Metadynamics for Ace-(Gly)₂-Pro-(Gly)₃-Nme

The collective variable was chosen as the radius of gyration of heavy atoms,

R_{g} = \sum_{a} \frac{m_{a}}{m_{\sum}} {(r_{a} - R_{\sum})}^{2},

(3.1)

here $H_{\sum} = \sum_{a} (m_{a} ∕ m_{\sum}) r_{a}$ is the center of mass, $m_{\sum} = \sum_{a} m_{a}$ , and the sums run over all atoms except hydrogen. The mass M of the test particle associated with R_g was set to be 5 × 10⁶ u and the value of the spring constant K was 250 kcal/mol Å². Kinetic energy of the test particle was limited at 150 K from above using Berendsen type damping with relaxation time τ_ξ = 10 fs. A new Gaussian was added to the hill potential if the displacement of the test particle exceeded 8.95 × 10⁻² Å, but not before a minimum number of 2500 MD steps (5 ps). If the test particle did not exceed the displacement limit after 25 000 MD steps (50 ps), a hill addition was forced. The width of the Gaussians was W=0.1 Å and their amplitude was A=0.2 kcal/mol. The simulation was run until 5000 Gaussians were added to the hill potential ( ≈ 157 ns).

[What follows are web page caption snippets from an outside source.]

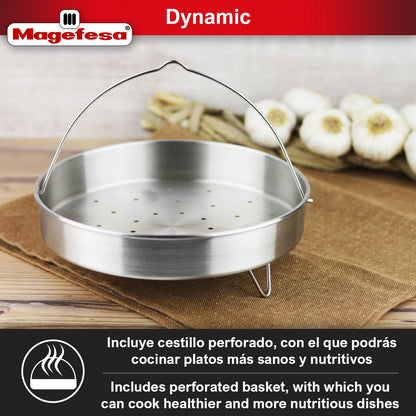 MAGEFESA®Dynamic super fast pressure cooker + basket, made of 18/10 stainless steel, for all kinds of cookers including induction, 5 security systems, easy use, express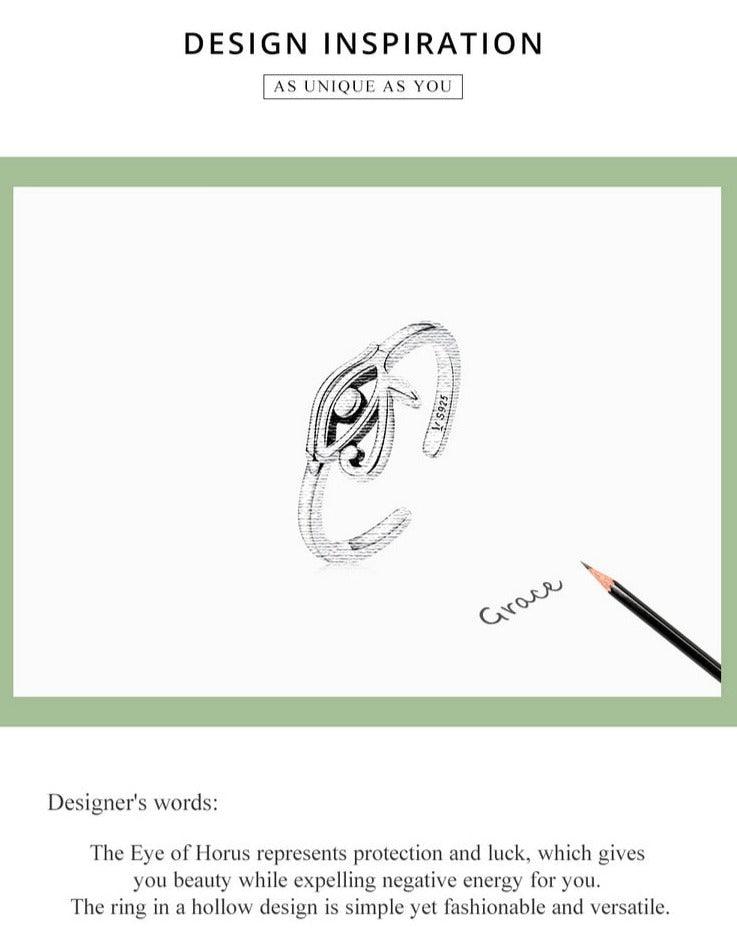 'Eye of Horus' Sterling Silver Ring - Sterling Silver Rings - Allora Jade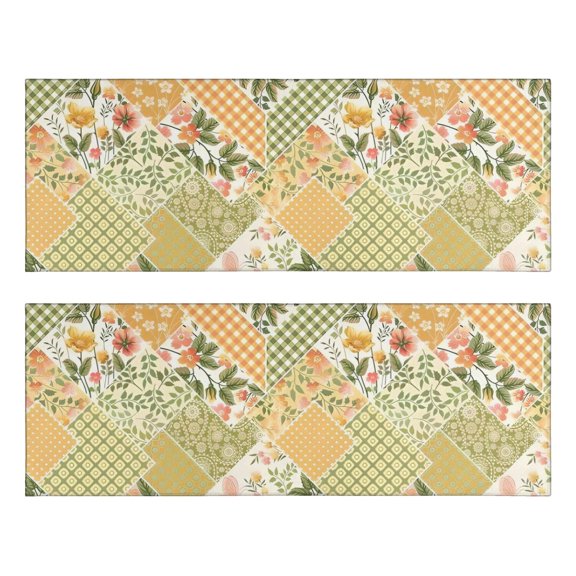 Kitchen Rugs Sets Of 2,Pioneer Flower Floral Print Pattern Anti Fatigue Kitchen Mat Rugs Non Slip Washable,Decorative Kitchen Floor Mats for Kitchen,Sink,Laundry,17"X47"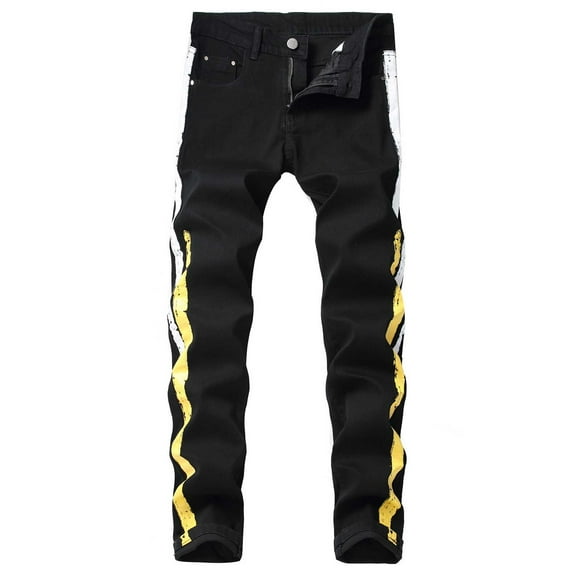 Jeans for Men 2023 Classic Moto Casual Men's Slim Stretch Jeans Personality Print Cotton Straight Ripped Hole Trousers Jeans Pants Full Length Pants Mens' Judy Blue Jeans on Clearance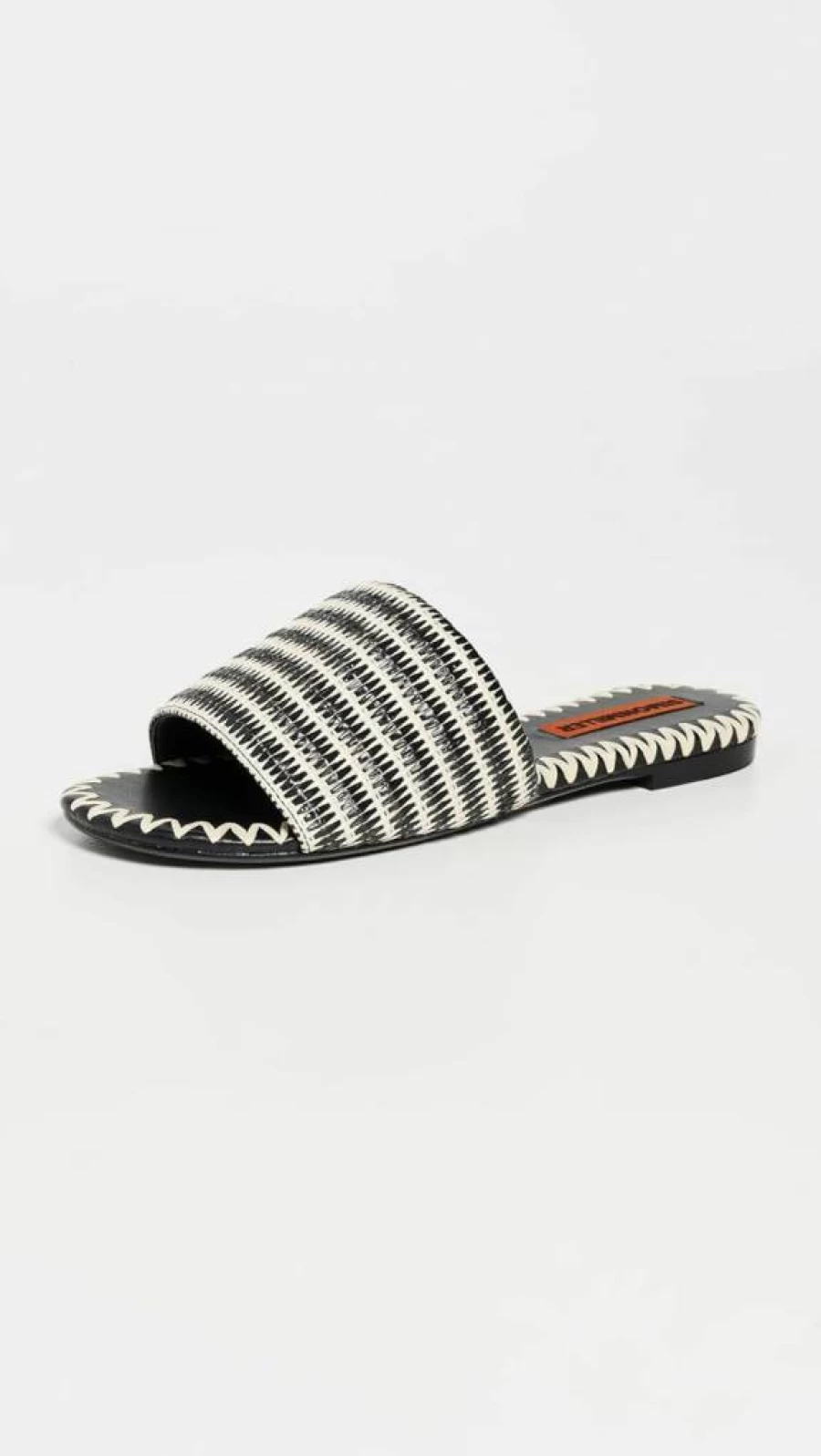 SIMON MILLER USA Women's Salerno Striped Raffia Sandals | Summer Casual Footwear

Metadynamics for trialanine

The collective variable was chosen as the pair of dihedral angles (φ,ψ), as shown in Fig. 2. The value of the test particle mass M was set to 10³ and the value of the spring constant K was set to 100 (the units of these two are such that $M {\dot{η}}^{2}$ and Kη² are in kcal/mol). If the instantaneous temperature of the test particle exceeded 200 K, it was relaxed back by means of the Berendsen scheme with a relaxation time of 10 fs. The hill parameters used were A=0.1 kcal/mol and W=14°. A new hill was added to the hill potential if the displacement in $Q$ exceeded 8.6°, but not before a minimum number of 100 MD steps (0.2 ps). A new hill addition was forced after 500 MD steps (1 ps) irrespective of the test particle displacement. Simulations were run until 3 × 10⁴ Gaussians were added to the hill potential (≈12.5 ns).

Umbrella sampling

Molecular dynamics was biased using the time-dependent hill potential obtained from metadynamics. By building histograms of the collective variable, it is possible to reconstruct the biased probability density,

p^{B} (ξ) \approx \frac{1}{h} \int_{ξ - h ∕ 2}^{ξ + h ∕ 2} d x p^{B} (x) \approx \frac{n_{x}}{n_{\sum}},

where h denotes the bin width, n_x is the number of samples in $[ξ - h ∕ 2, ξ + h ∕ 2)$ , and n_Σ is total number of the samples (and similarly for two-dimensional histogram in the triala-nine case).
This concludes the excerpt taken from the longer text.